On the first day of a higher level engineering class I took last semester, the professor, who taught the introductory course, mentioned he read our course evaluations from the previous semester. But after addressing that we had universally complained that his labs were tedious, time consuming and not conducive at all to learning and that we wanted fewer of them, he laughed and said that was too bad, because this class had even more of the same. The TAs for his previous class were never in their office hours because they would walk in at the beginning, see that no one was there and walk out. Another one of my major classes was 75 minutes long and included nothing except the professor droning on at the front of the room while writing on a piece of paper projected on the wall. All of these classes functioned on the old framework of lectures, weekly problem sets and labs. With an approximate $30,000 engineering education price tag per semester for taking about 20 credits, I spent a total of $24,000 on required classes taught by these two professors. I learned little in any of them.
I teach math classes for engineering freshmen navigating their brutal introductory classes. Now in my fourth semester in the job, the messages I hear in the trainings are pretty familiar: how to fulfill the basic administrative duties of the job, how to create an inclusive environment, how to teach effectively. But this time around, it struck me that it seems like more training goes into teaching me how to teach — a student making near-minimum wage teaching a supplementary class — than the engineering professors who actually instruct the course. And that’s absolutely ridiculous.
Education research lately has focused on active learning techniques to increase comprehension. This encompasses anything from engaging students with the material with I-Clicker questions during lecture to class discussions. The world of higher education is starting to catch onto these active learning methods, but the engineering college is slow on implementation. My engineering classes almost all follow the old, tired pattern of monotoned lectures accompanied by a weekly problem set and lab with periodic exams.
The track to become an engineering professor involves years of grueling classes and research, writing papers and dissertations, but shockingly little education on how to teach effectively. This creates a staff of accomplished and intelligent researchers who can write scientific papers favorably representing the University, but fails to ensure a well-developed education for the students who they should primarily be responsible for. The students of the College of Engineering deserve an education fitting of a world renowned University, which shouldn’t come second to the professors research. To do this, the College of Engineering needs to work to hold its professors more accountable to their students.
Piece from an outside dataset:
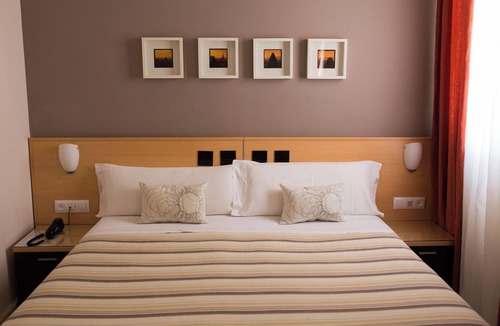 Sanlucar la Mayor Hostel | Hostal Albero by eme hoteles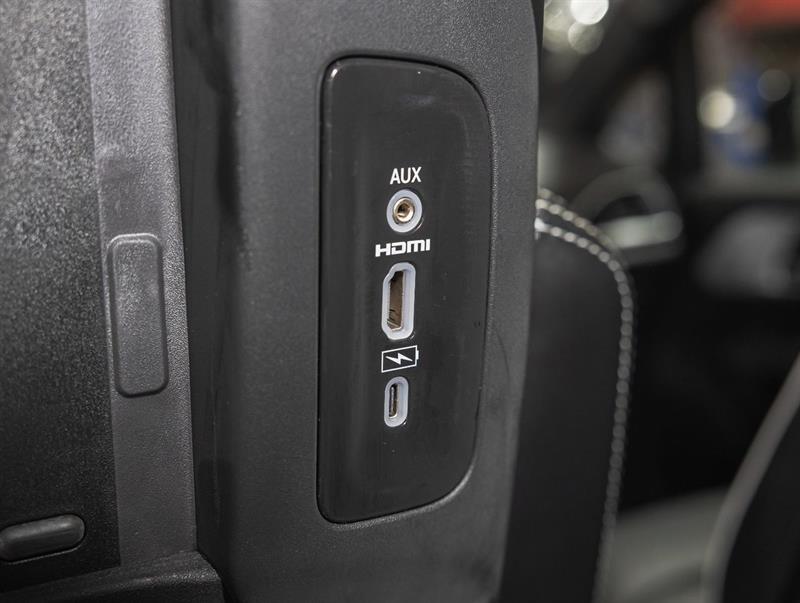 Chrysler Pacifica 13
But that’s not to say no one’s trying. There’s a growing movement spearheaded by Kathy Dimiduk hidden away in the corner of Rhodes Hall, where she is the director of a small, little-known operation called the James McCormick Family Teaching Excellence Institute. Yeah, I also had no idea it existed. In her decade at Cornell, she’s done the absolute best she can to wrangle the engineering faculty into being better teachers pretty much any way she can. If you’ve ever noticed the higher teaching quality of the newer hires, you can thank her. All incoming engineering faculty have to go through a two-day teaching seminar run by her.
Unfortunately, Dimiduk doesn’t get the same jurisdiction over senior professors. She’s actually reads every single mid-semester feedback survey we submit, which made me feel awful about what a dismal job I’ve done in the last two years filling those out. The only way she can get ahold of our senior professors who are teaching classes the same way they’ve taught them for 40 years is by making them meet her about issues in those surveys when they get low reviews. When I met with her, her main request was that I get the word out to fill out the mid-semester surveys coming out in a few weeks, and fill them out well. Come on guys, do it for Kathy. She’s really trying and it’s the least we can do for her and our tuition dollars. These give her leverage to convince the professors to change their ways and actually be engaging and help us retain information past the final.
Despite her best efforts, it seems like the higher levels of the engineering school just don’t care enough about improving the quality of engineering education. Her “department” is just her, two postdocs who devote about 10 percent of their time to the institute and an assistant. Only because of low ratings will senior faculty be held accountable — otherwise, administrators think they don’t need any supplementary training. As long as they’re churning out enough research papers or have tenure, they’re content to allow the professors to keep doing whatever they want — an unfortunate complacency for its students who are burying themselves in debt to get a “world-class” education.